Binary Classification Tutorial (CLF101) --Level Beginner For reference, I will try to implement it using Google Colab.
For Google Colab or Azure Notebooks, install with the following code.
The version at the time of writing is 1.0.0. It seems that 1.0.1 will return models trained with compare_models.
Return models from compare_models. Currently compare_models() donot return any trained model object.
code.py
! pip install pycaret
When using Google Colab, you can display it interactively by executing the following code.
code.py
from pycaret.utils import enable_colab
enable_colab()
Pycaret provides several datasets for you to use with get_data () (must be connected to the internet).
The datasets that can be used are stored in pycaret / datasets /. And cancer and heart disease.

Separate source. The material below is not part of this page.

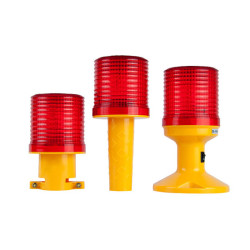 Solar Warning Light, 12V, IP54 Solar Warning Light, 12V, IP54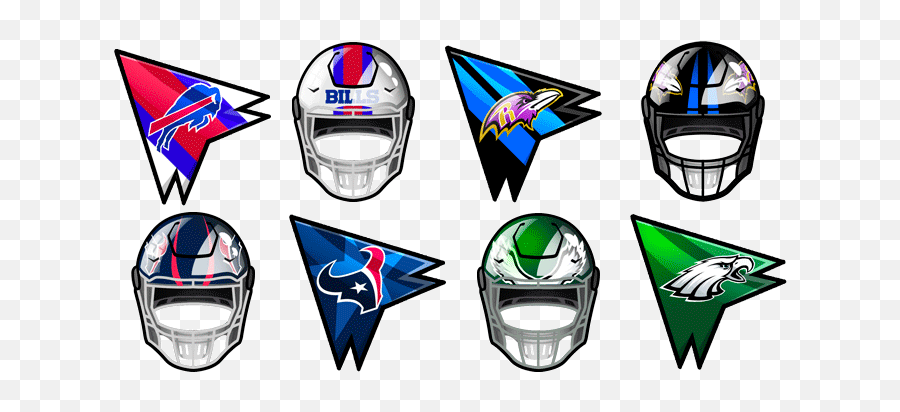 National Football League Mouse Cursors For Real Fans - Football Face Mask Png,Vista Mouse Icon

The tutorial uses a credit card payment information dataset from April to September 2005 in Taiwan, including gender, final education, marital status, past payment status, past payment history and billing details. It is included.
Target Column is Default payment (1 = yes, 0 = no), so it is a binary classification. Binary classification is a two-value classification of pass or fail, positive or negative.
code.py
from pycaret.datasets import get_data
dataset = get_data('credit')
Let's check the number of datasets.
code.py
#check the shape of data
dataset.shape
result
(24000, 24)
Next, set 5% to Unseen Data. 1200 data is not used to create the forecast model in this dataset. Looking at the tutorial, it says train / test splits and don't get crowded. (The training data and the test data are separated by the setup () function.)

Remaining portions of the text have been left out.